#### EXERCISE
Word for word, copy the line that contains "Hills, CA 90212" and each line after it in the data below. Pictures stay out of the copy.

Captioned web image data:
——

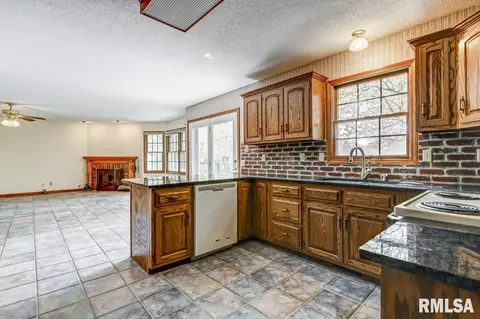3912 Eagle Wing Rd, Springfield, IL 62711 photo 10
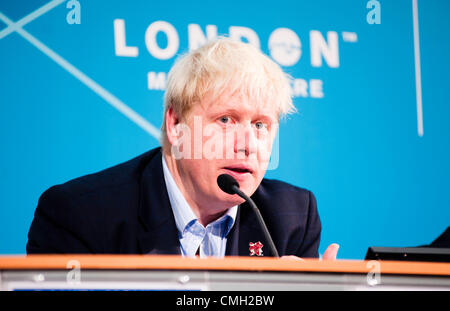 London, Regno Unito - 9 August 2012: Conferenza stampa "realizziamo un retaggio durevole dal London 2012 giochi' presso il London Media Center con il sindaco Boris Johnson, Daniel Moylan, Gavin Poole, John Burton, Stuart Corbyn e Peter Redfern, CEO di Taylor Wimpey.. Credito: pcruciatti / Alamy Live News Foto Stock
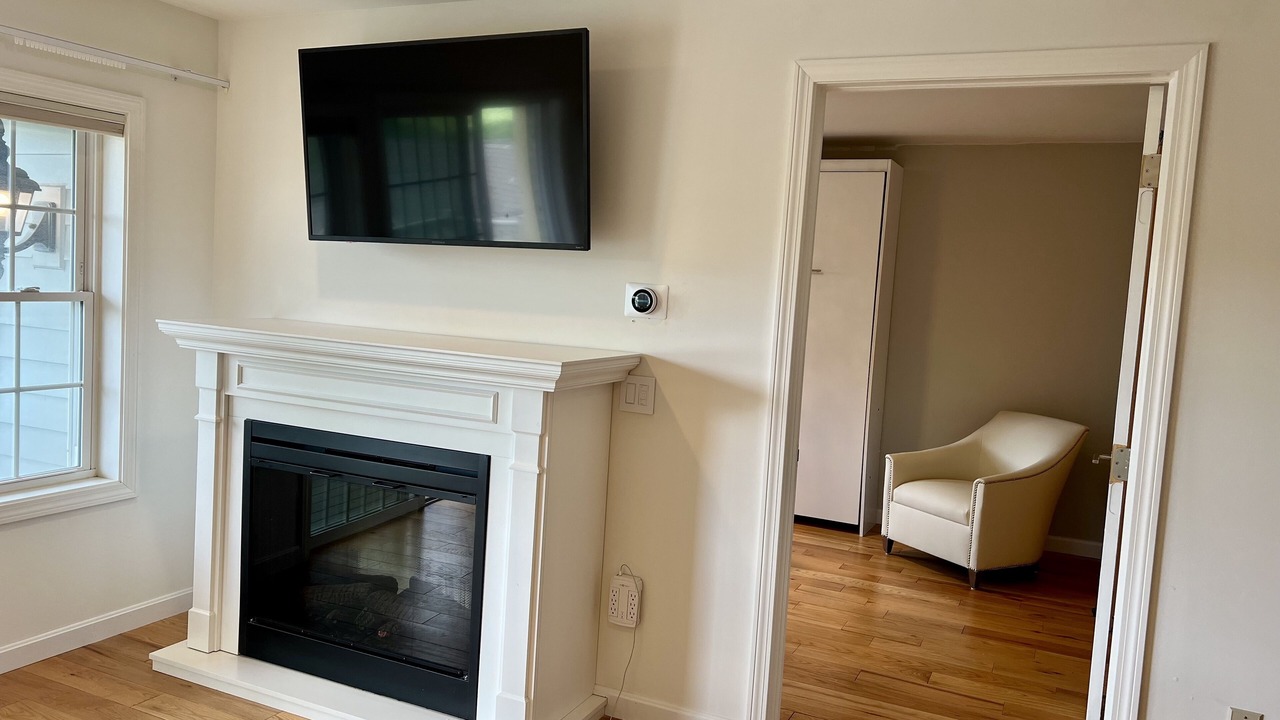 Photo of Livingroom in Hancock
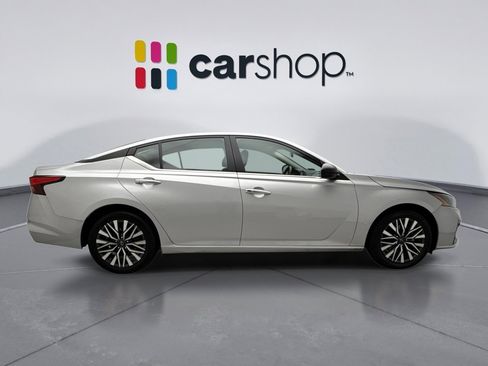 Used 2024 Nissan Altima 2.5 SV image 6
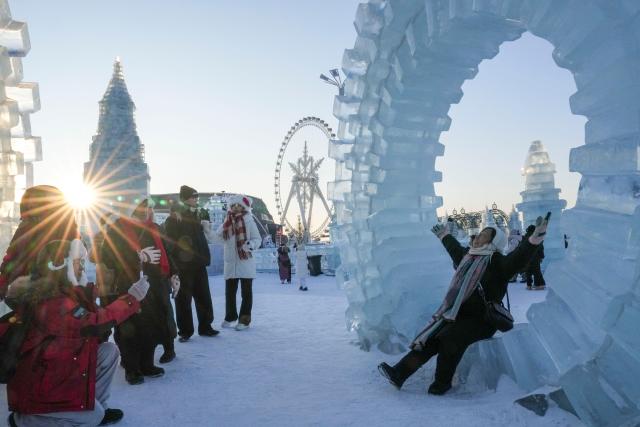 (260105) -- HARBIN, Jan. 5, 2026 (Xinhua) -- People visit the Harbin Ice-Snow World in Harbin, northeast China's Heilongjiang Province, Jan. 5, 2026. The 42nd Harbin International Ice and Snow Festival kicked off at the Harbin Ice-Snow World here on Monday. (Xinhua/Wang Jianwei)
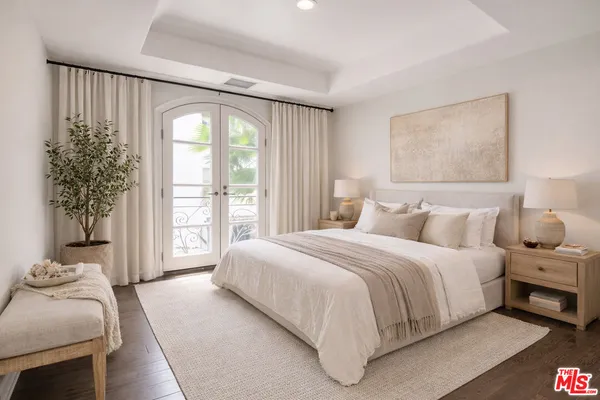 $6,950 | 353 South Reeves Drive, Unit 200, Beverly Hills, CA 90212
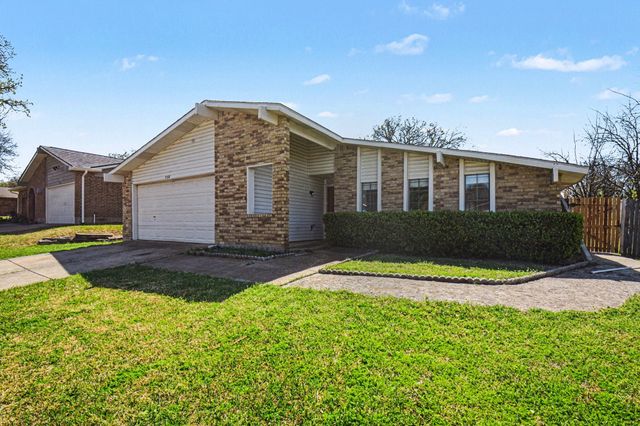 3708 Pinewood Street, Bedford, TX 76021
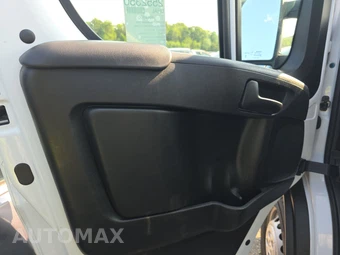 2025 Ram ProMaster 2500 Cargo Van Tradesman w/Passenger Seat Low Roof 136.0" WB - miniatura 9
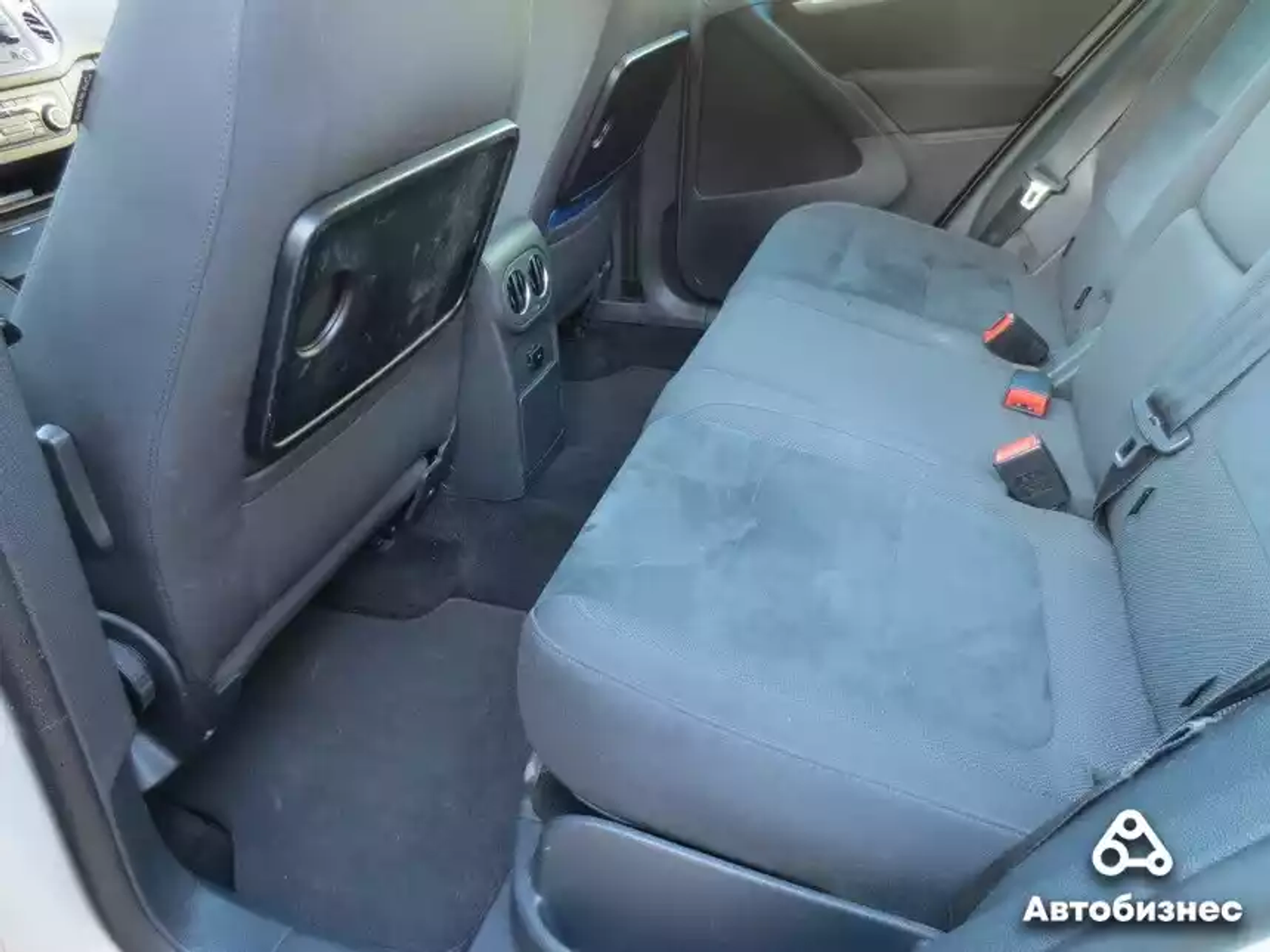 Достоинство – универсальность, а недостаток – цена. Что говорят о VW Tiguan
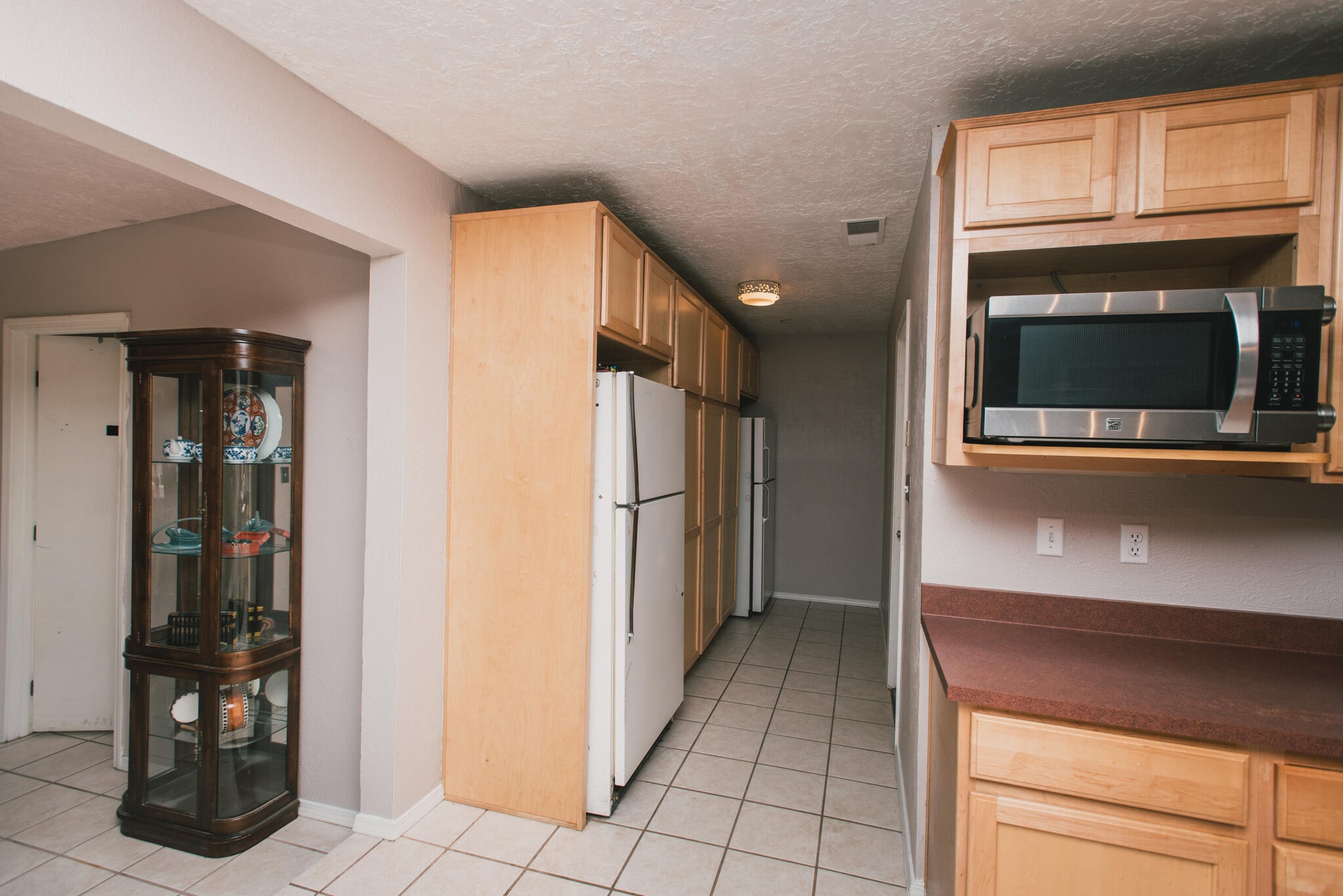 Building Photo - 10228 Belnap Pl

——

#### ANSWER SPACE
 $6,950 | 353 South Reeves Drive, Unit 200, Beverly Hills, CA 90212
 3708 Pinewood Street, Bedford, TX 76021
 2025 Ram ProMaster 2500 Cargo Van Tradesman w/Passenger Seat Low Roof 136.0" WB - miniatura 9
 Достоинство – универсальность, а недостаток – цена. Что говорят о VW Tiguan
 Building Photo - 10228 Belnap Pl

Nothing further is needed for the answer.